In vivo and in vitro IP/MS analysis of JEV

To analyze the binding of mosquito vector salivary gland secretory proteins to JEV particles, we first infected Culex quinquefasciatus mosquitoes and C6/36 cells with JEV and collected samples on the showed time points (C6/36 samples were collected at day 6 postinfection, mosquito samples were collected at day 7 and 14 postinfection) as shown in Fig. 1B. Samples were subjected to IP with the 2H4 monoclonal antibody, and the immunoprecipitated proteins were analyzed by MS as presented in Fig. 1C. Mock infection or IgG was used as a control. The results showed that there were 41 proteins captured in vitro and 24 proteins captured in vivo. Two proteins (60S ribosomal protein and histone H2A) were captured both in the mosquito salivary gland and cell supernatant. The mass spectral density of extracellular and intracellular H2A was 726340000 and 299310000, respectively (Supplementary Files S1 and S2). The mass spectral density of salivary gland H2A on Day 7 was 2787500, and on Day 14 was 23879000 (Supplementary Files S1 and S2). This indicates that the binding of H2A protein to JEV may be associated with the viral infection.

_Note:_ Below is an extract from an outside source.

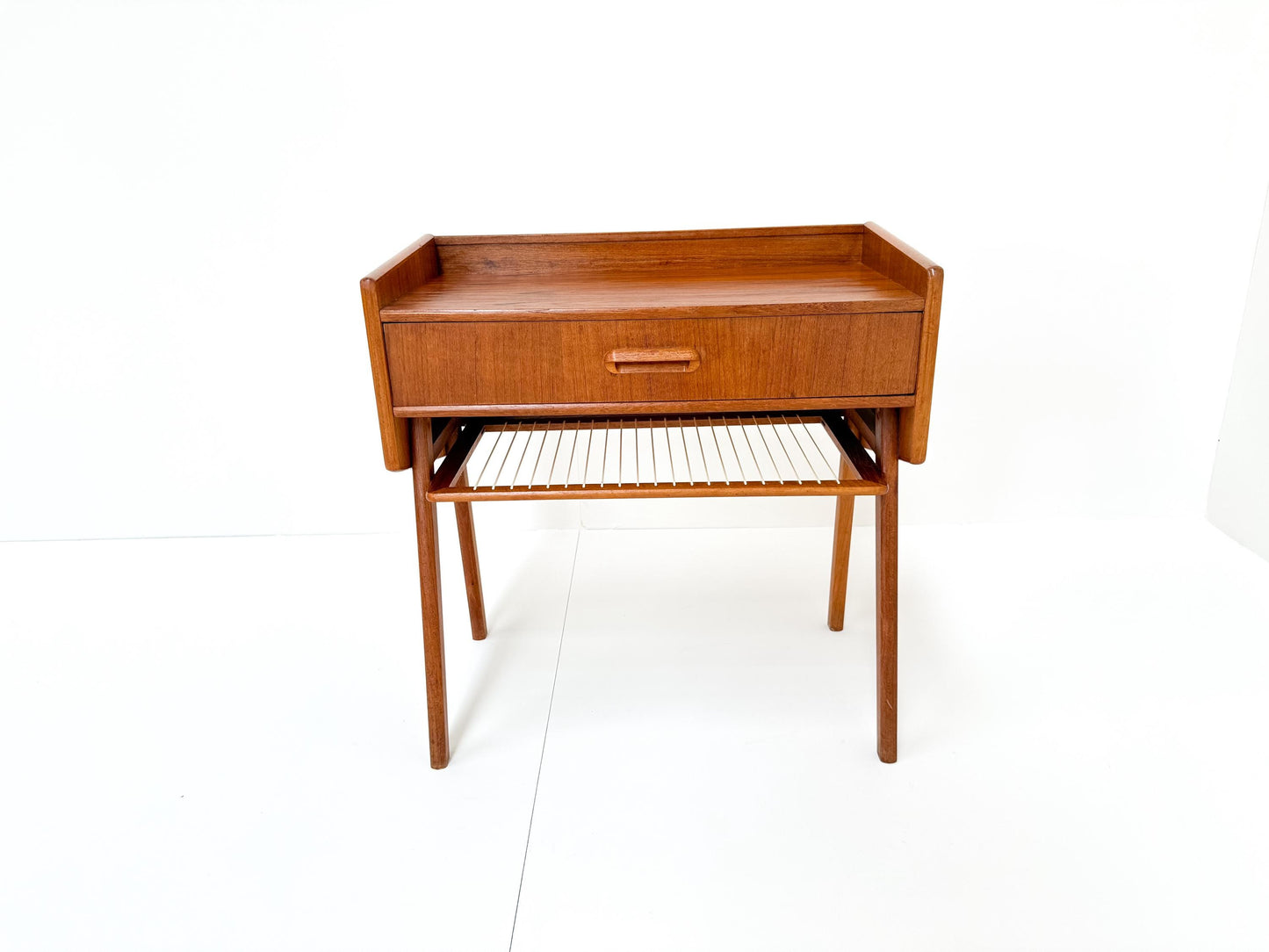 Vintage Mid-Century Modern Teak Nightstand, Denmark, 1960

To verify the IP/MS results, we prepared antibodies specific to mosquito H2A. The same IP steps were used to precipitate JEV and bound proteins, and then WB was performed with the anti-H2A antibody. The results showed that H2A could bind to JEV as presented in Fig. 1D.

H2A promotes JEV infection in vivo and in vitro

To further analyze the effect of H2A on JEV infection, mosquitoes exposed to JEV via blood meal and C6/36 cells were inoculated with JEV. H2A mRNA levels were then measured at indicated time points postinfection (Fig. 1B). RT-qPCR data indicated the H2A upregulation in both JEV infected mosquitoes and C6/36 cells (Fig. 1E, G). Mock infection of mosquitoes and cells were used as controls. Next, we designed and synthesized siRNA oligos against mosquito H2A and introduced the siRNA into cells by transfection or in mosquitoes through intrathoracic injection. All siRNA and primer sequences are lists in Supplementary Table S1. Mock infection or negative siRNA was used as a control.

We then performed viral infection in both cell culture and mosquitoes as stated above and evaluated the viral replication by RT-qPCR. In C6/36 cells, H2A interference significantly reduced the level of JEV replication at 6- and 9-days postinfection (dpi) (Fig. 1F), with the JEV mRNA level in the H2A-interference group being ∼1.5-fold less than that in the control group. In mosquitoes, interference with H2A expression also significantly reduced JEV mRNA levels in infected mosquitoes, and the JEV mRNA in the H2A-interference group was ∼1.5-fold less than the control group at seven dpi (Fig. 1H). These results suggest that H2A might promote JEV infection of mosquito vectors. All infection experiments were based on effective RNAi (Fig. 1I).